In its early days, The Whitworthian featured inside jokes to entertain its small readership. One popular section, “Exchanges,” featured updates about social clubs and events at colleges around the Tacoma region. As Whitworth’s enrollment grew, the paper expanded to provide coverage of events outside the social realm, and by 1916, the editorial staff had taken a firm stand on the necessity of a national prohibition of alcohol.
After World War II, news of international affairs became more prevalent in the paper, and students became more vocal in expressing their political opinions. In the 1960s, student activists used The Whitworthian to discuss campus regulations and issues, as well as larger social issues surrounding the Civil Rights Movement and the Vietnam War. When the 1980s brought new technology for journalists, The Whitworthian office was outfitted with Apple computers that opened new worlds for students to produce creative layouts.

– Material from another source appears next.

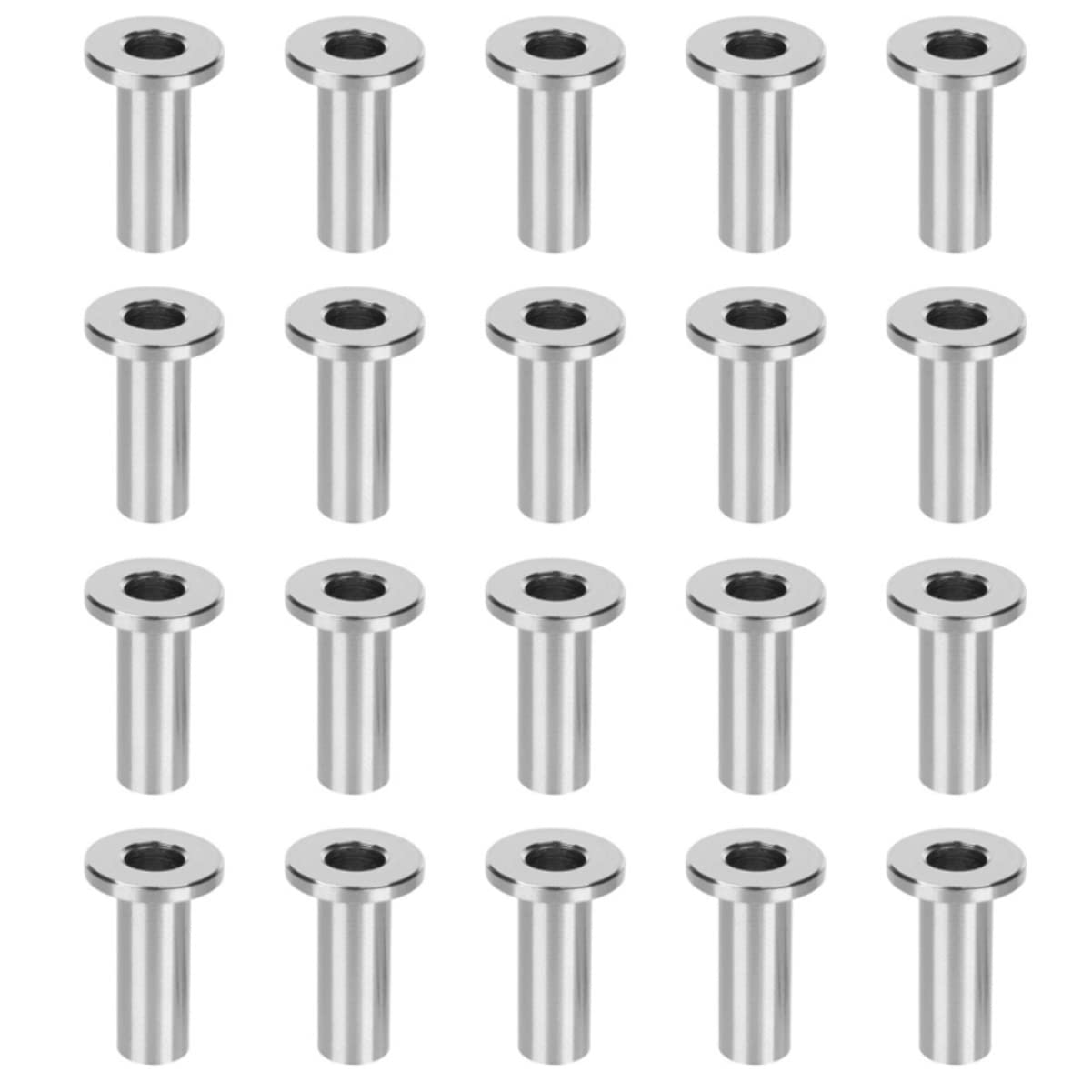 50pcs Stainless Steel Wire Rope Protective Sleeves Drill Bit for Deck Cable Railing Prevents and Maintains Tension Suitable for Indoor and Outdoor Use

Through the years, The Whitworthian has been a launchpad for aspiring writers and journalists who have helped to elevate the standards for college newspapers. In 2009, the paper won an Associate Collegiate Press Online Pacemaker Award, considered one of the most esteemed honors in student journalism. In 2010, the paper won first place in its division at the 2009 National Mark of Excellence Awards, after winning first place earlier that spring in the regional awards, sponsored by the Society of Professional Journalists.
In 2005, during The Whitworthian’s centennial year, alumni reflected on their time as student editors. Nearine (Marcus) Baugh, ’48, wrote, “The most frustrating experience was to catch the Whitworth bus to town, the city bus to the print shop, walk four blocks (several weeks on crutches), do the proofreading, and paste the mock-up. Then came the reverse transportation hassle, and I would arrive back on campus after ‘lock-up.’ My housemother complained. The dean of women called me into her office, and I was told to make other arrangements or give up the paper. Thereafter, I either cut classes or hired a cab, but I didn’t give up the paper.”